_Brief:_ Output only the lines that run from the line holding "Piso en venta" to the end of the data below, including both ends, without any pictures.

_Data for review:_
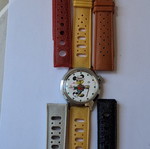 Mike Vostok 1980 vintage mechanical men's watch with original dial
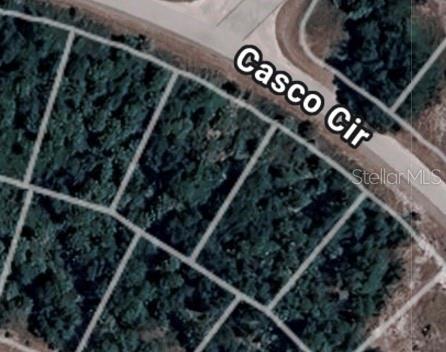 Lot 6 Block 2025 Casco Circle, FL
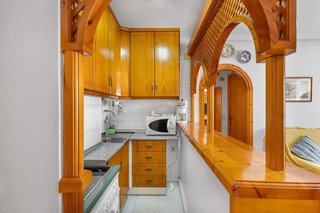 Piso en venta en Torrelamata - La Mata en Torrevieja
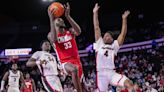 Ole Miss Rebels Forward Moussa Cisse Enters Transfer Portal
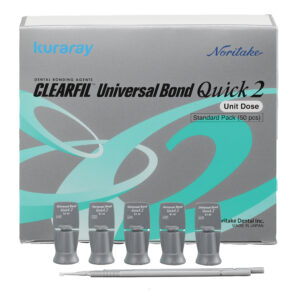 Clearfil™ Universal Bond Quick 2 provkit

_The completed task:_
 Piso en venta en Torrelamata - La Mata en Torrevieja
 Ole Miss Rebels Forward Moussa Cisse Enters Transfer Portal
 Clearfil™ Universal Bond Quick 2 provkit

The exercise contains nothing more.